ADAM IRONS felt his council just wasn’t listening when he asked for new technology for the hard of hearing to be installed at his favourite sports centre.
The retired electrical foreman is partially deaf and has to wear two hearing aids.
The grandfather of six has been happily using the swimming pool and gym at Blantyre Leisure Centre for many years. But he ran into a problem when he signed up for weekly yoga classes after the New Year.
“Because of my hearing aids, when I was lying on the floor I couldn’t hear a thing that the instructor was saying,” he said. “It meant that me and a few other folk with hearing aids had to keep watching what the other people were doing to even get an idea of what was going on.
“It was embarrassing.”
In frustration, Adam asked the leisure centre management to have new hearing loop technology installed.
Hearing loops amplify the sound of speech over background noise to make conversations easier to hear.
The person using the hearing aid or cochlear implant just flips a switch to access the wireless audio stream.
They are helpful in places such as cinemas, churches, medical centres and big public meetings.
Adam, 70, from Blantyre, got nowhere with his request at the sports centre so he waged a one-man campaign with South Lanarkshire Council to have the loops installed.
He bombarded council bosses with emails and phone calls over several months.

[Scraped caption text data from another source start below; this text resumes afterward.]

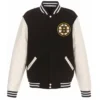 Boston Bruins White And Black Wool Letterman Varsity Jacket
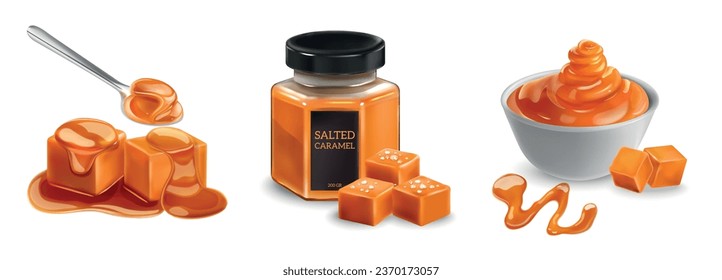 Salted caramel realistic compositions consisting of appetizing caramel cubes and sweet sauce in bowl and jar isolated vector illustration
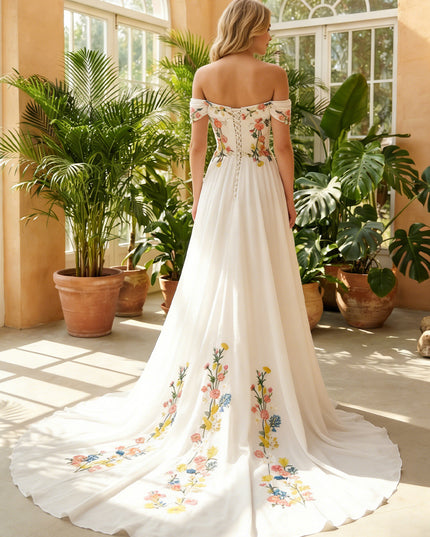 Off the Shoulder Lace Embroidered A-Line Cowl Neck Wedding Dresses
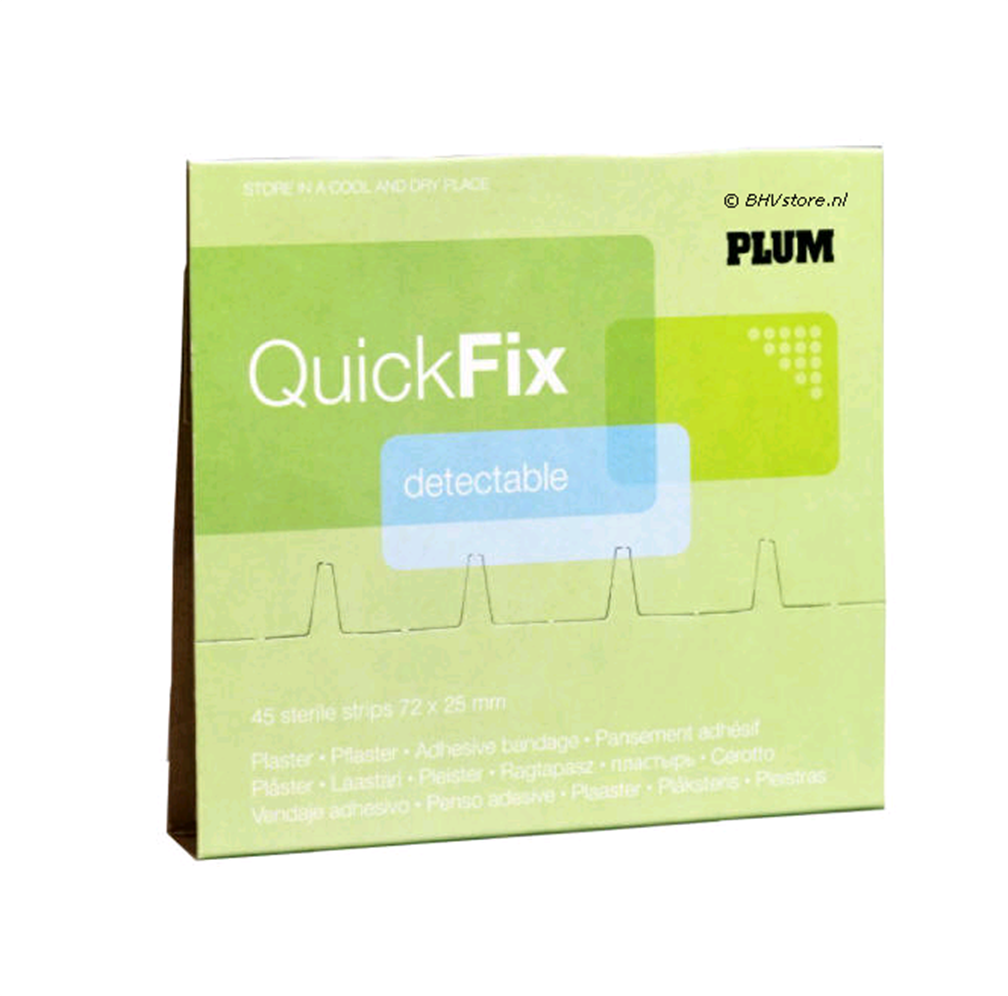 Navulling PLUM QuickFix Pleisterdispenser - detecteerbaar 45 pleisters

But he heard nothing much back and felt he was being pushed from pillar to post.
Adam refused to give up, though, and he asked Raw Deal to take up his case.
The good news for Adam is that hearing loops have now been installed at the leisure centre and he and others with hearing difficulties will now be able to take part in activities like yoga more comfortably.
Gerry Campbell, general manager of South Lanarkshire Leisure and Culture, said: “Two hearing loops have now been installed at Blantyre Leisure Centre, one at the main reception and one in the fitness suite.
“This followed a request from a customer and we have informed them of the new systems in place.” Adam’s successful campaign came as a report highlighted the problems deaf people encountered when they tried to access vital services.
The majority of people surveyed by Action on Hearing Loss Scotland claimed they lacked access to essential pieces of equipment.
The charity asked nearly 600 deaf people across Scotland about their experiences with hearing loops.
Just one in five respondents said they were able to make use of the technology. Half the people surveyed said that, when they visited their GP, doctors and nurses tended to speak too quickly, which led to information being lost at appointments.
Adam thanked Raw Deal for helping to hurry his case along – and now he wants the technology to be implemented at facilities around the country.
“It is not just enough to have the loops installed but staff also need to be trained how to operate them properly,” he said.
“I have been at banks and schools which have loops installed but often they are useless as no one there knows how to work them properly.”
“A simple piece of technology like this makes life so much easier for the hard of hearing.”
Teri Devine, Action on Hearing Loss Scotland director, said: “We’re disappointed that only one in five of our survey respondents could say with certainty that there is a hearing loop in the reception areas of GP surgeries, health centres or hospitals as their availability can be essential for users to follow instructions and medical information.”